START LISTED RECORDS
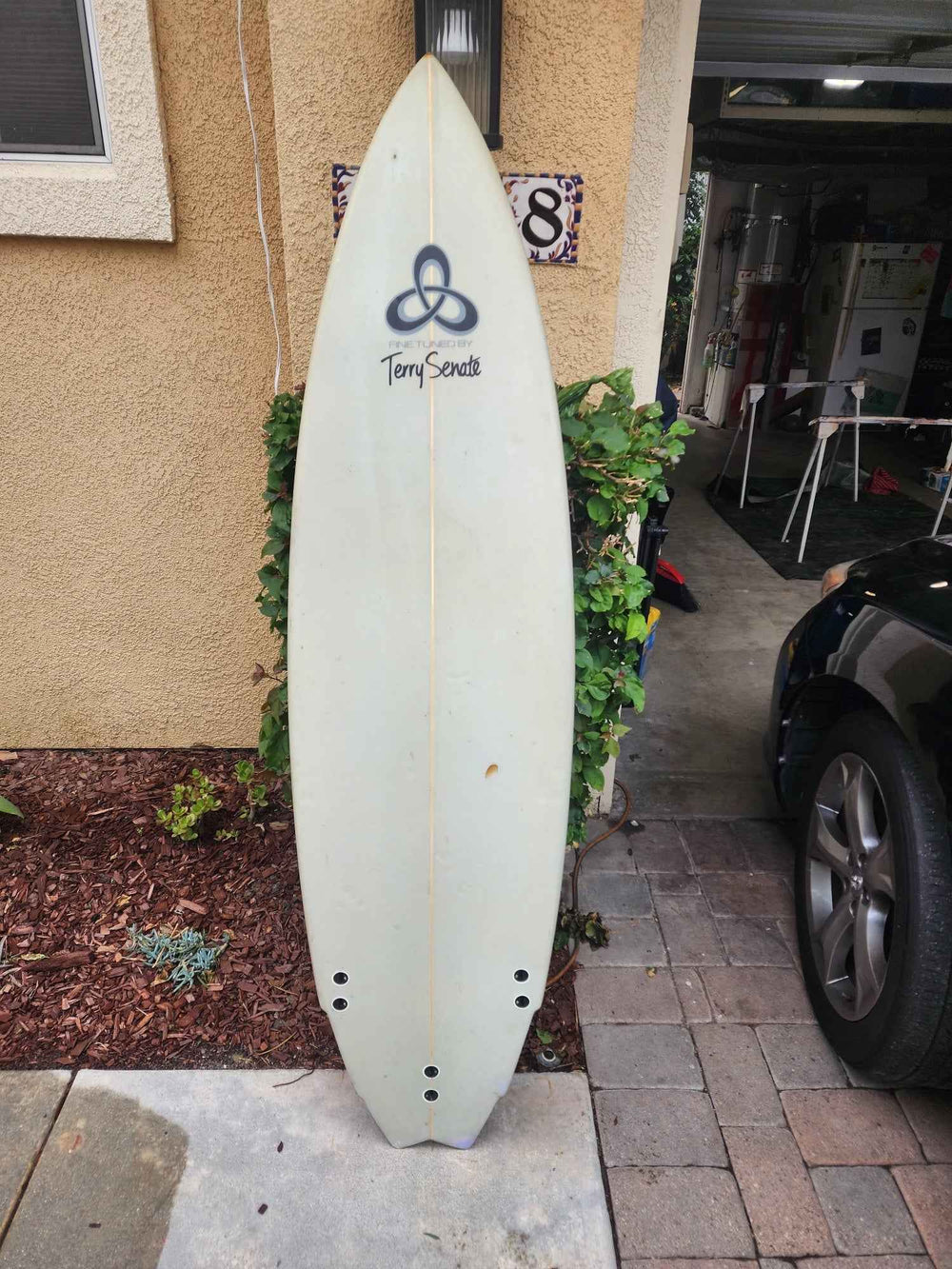 Terry Senate Surfboard 6'5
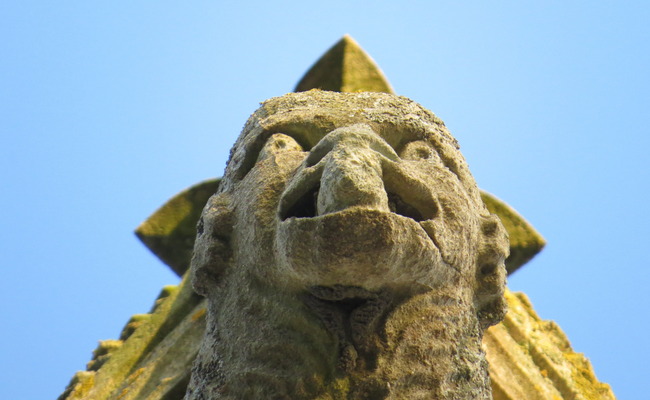 Close up of Gargoyle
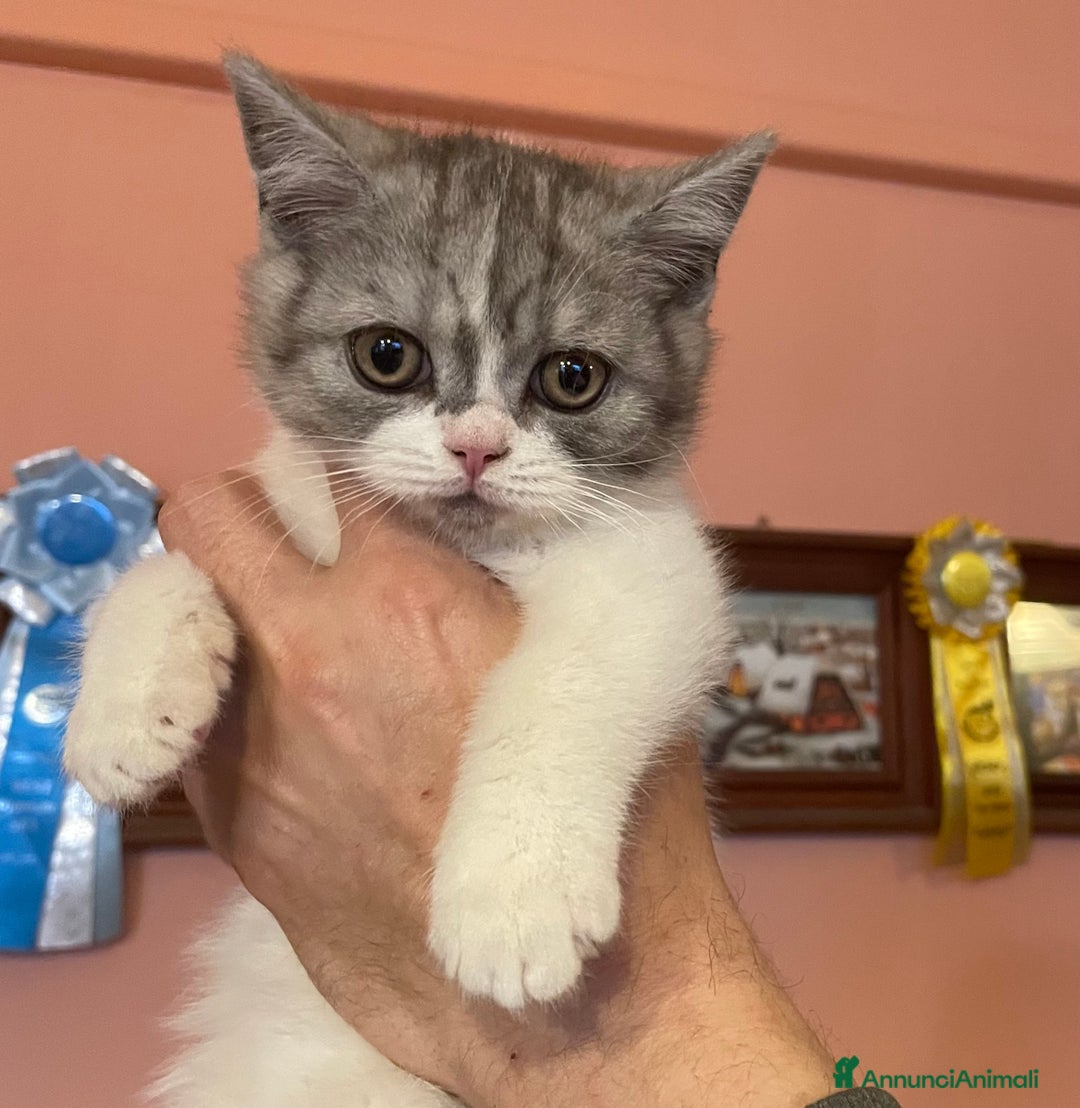 Scottish gatti in vendita: CUCCIOLI SCOTTISH STRAIGHT MASCHIO E FEMMINA  - Annuncio 4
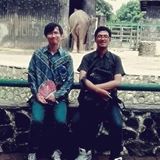 由 jokowidodo (刊登 ID 1362126612，圖片 1) 提交，位於 的 (類別：)，說明：。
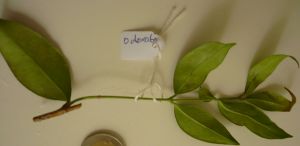 Name:  odorata.jpg
Views: 3911
Size:  33.7 KB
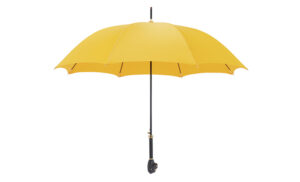 import placeholder for 8197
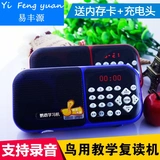 GE GE изучает попугайку, учебную машину, брат, машина для записи машины для записи, машина для обучения птиц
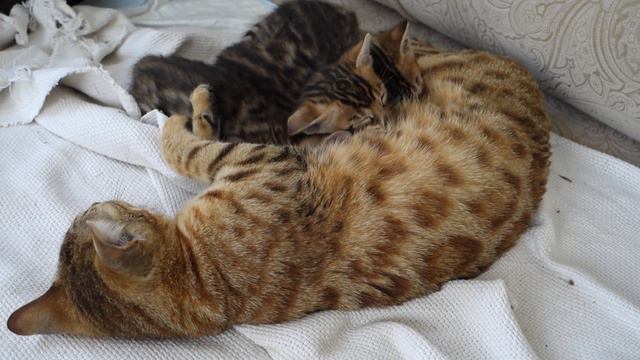 Vlog #9 Котятам-Бенгалятам исполнился месяц!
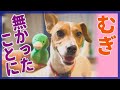 【わんこ】鳥のぬいぐるみのキャッチが得意なジャックラッセルテリアのむぎの巻【犬動画】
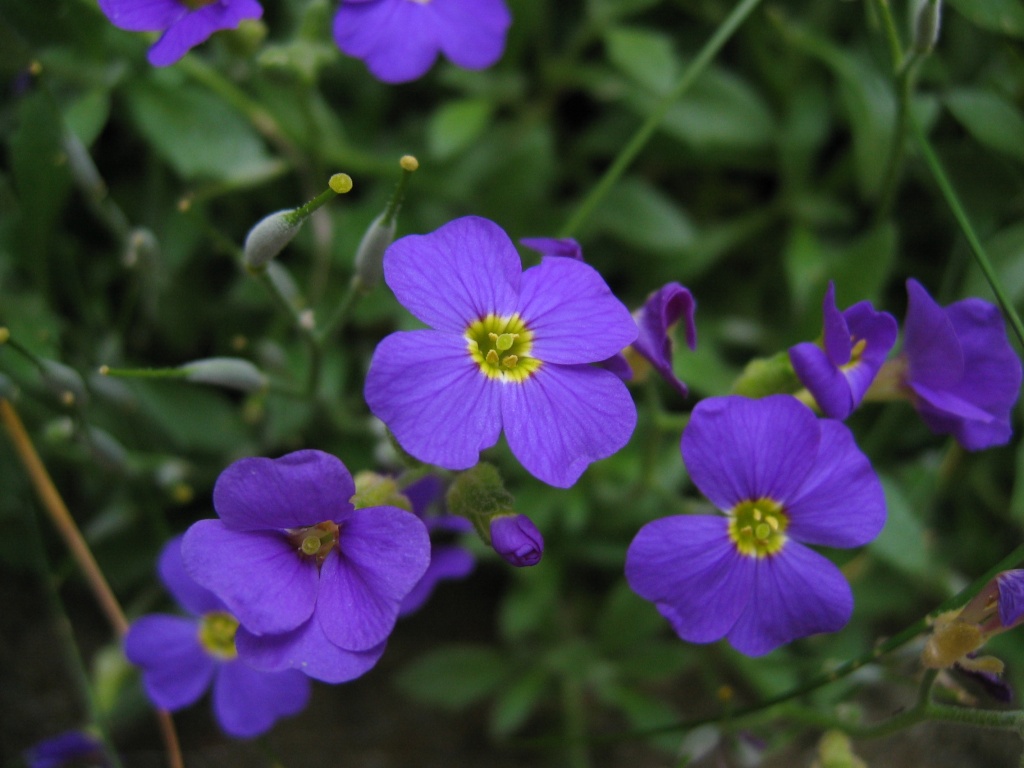 Violette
END LISTED RECORDS
* WHAT THE TASK REQUIRES
Only the text of the records belongs in your answer, copied exactly as it appears above.

* YOUR RESPONSE
 Terry Senate Surfboard 6'5
 Close up of Gargoyle
 Scottish gatti in vendita: CUCCIOLI SCOTTISH STRAIGHT MASCHIO E FEMMINA  - Annuncio 4
 由 jokowidodo (刊登 ID 1362126612，圖片 1) 提交，位於 的 (類別：)，說明：。
 Name:  odorata.jpg
Views: 3911
Size:  33.7 KB
 import placeholder for 8197
 GE GE изучает попугайку, учебную машину, брат, машина для записи машины для записи, машина для обучения птиц
 Vlog #9 Котятам-Бенгалятам исполнился месяц!
 【わんこ】鳥のぬいぐるみのキャッチが得意なジャックラッセルテリアのむぎの巻【犬動画】
 Violette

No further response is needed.